Markup processing control

Markup processing often encompasses a spectrum of complexity. OmniMark has a number of features that the programmer can employ to control how markup is processed. This topic explores some of those features, from the simplest element rules, to more complex examples using groups and markup sink functions.

OmniMark is a rule-based language, and the main ingredient of many OmniMark programs is element rules. The body of every element rule in your program must take care of processing the element's content. The simplest way to accomplish this is to delegate the processing of content to other markup rules using %c:

  element "simple"
     output "%c"

The above rule will reproduce the output and effect of all rules that its content will fire. Wrapping a part of the input in element <simple> will make no difference to the output.

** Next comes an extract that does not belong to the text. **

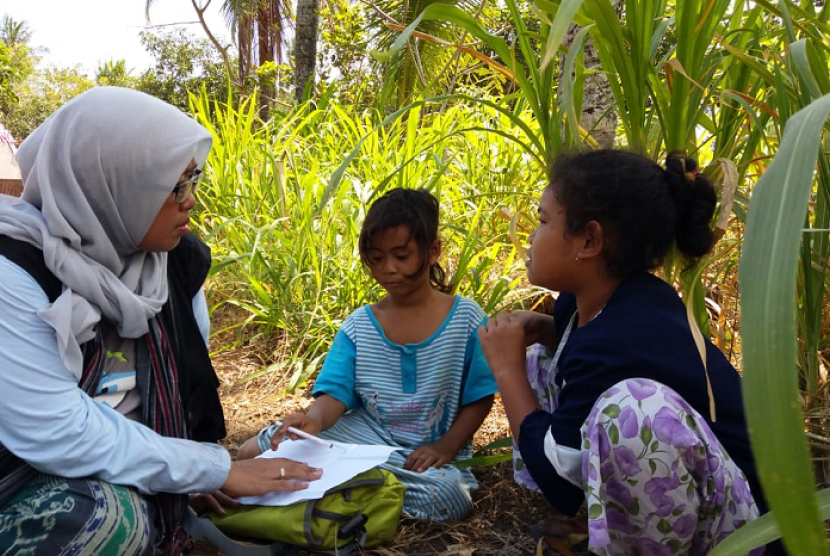 Tim Pshycological First Aid (PFA) Dompet Dhuafa melakukan kegiatan penilaiai stres dan trauma, play terapy, konseling pada anak yang trauma gempa Lombok.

Alternatively, the rule could perform some actions before and after the processing of its content. For example, it could output something:

  element "parenthesized"
     output "("
     output "%c"
     output ")"

The effect of having element <parenthesized> in the input is to wrap the result of processing the element content with parentheses. You can also redirect the content processing output to another destination, or discard it completely:

  element "redirect"
     using output as file (attribute "filename")
        output "%c"
  
  element "discard"
     suppress

None of the rules above alters the result of content processing, they merely add to it or change its destination. The following rule subjects the output of %c to another round of processing:

  element "indent"
     repeat scan "%c"
     match any-text+ => line
        output "  " || line
     match "%n"
        output "%n"
     again

The indent rule indents each line produced from its content. To accomplish this, it alters the result of %c but not the way this result gets produced. This is good: the rule fulfills its purpose with a localized code change. If you tried to accomplish the same effect in a single pass, you would have to modify every place where a line could be emitted within an <indent> element.

Using #content

The previous rule is an example of post-processing of content. It invokes other rules to process its content using %c, and then scans through their output. An alternative approach is to pre-process the content before invoking other rules by using #content instead of %c. Here are a few examples:

  element "redirect-content"
     using output as alternative-content-processor ()
        output #content
  
  element "distribute-content"
     using output as alternative-content-processor () & relaxng.validator against my-schema
        output #content
  
  element "really-discard"
     put #suppress #content
  
  element "half-marked-up"
     do markup-parse up-translate-content (#content)
        output "%c"
     done

The first rule above, redirect-content, does not invoke any markup rules itself. Instead it sends its entire content off to alternative-content-processor, a markup sink function which may be imported from another module, to process it in any way it pleases.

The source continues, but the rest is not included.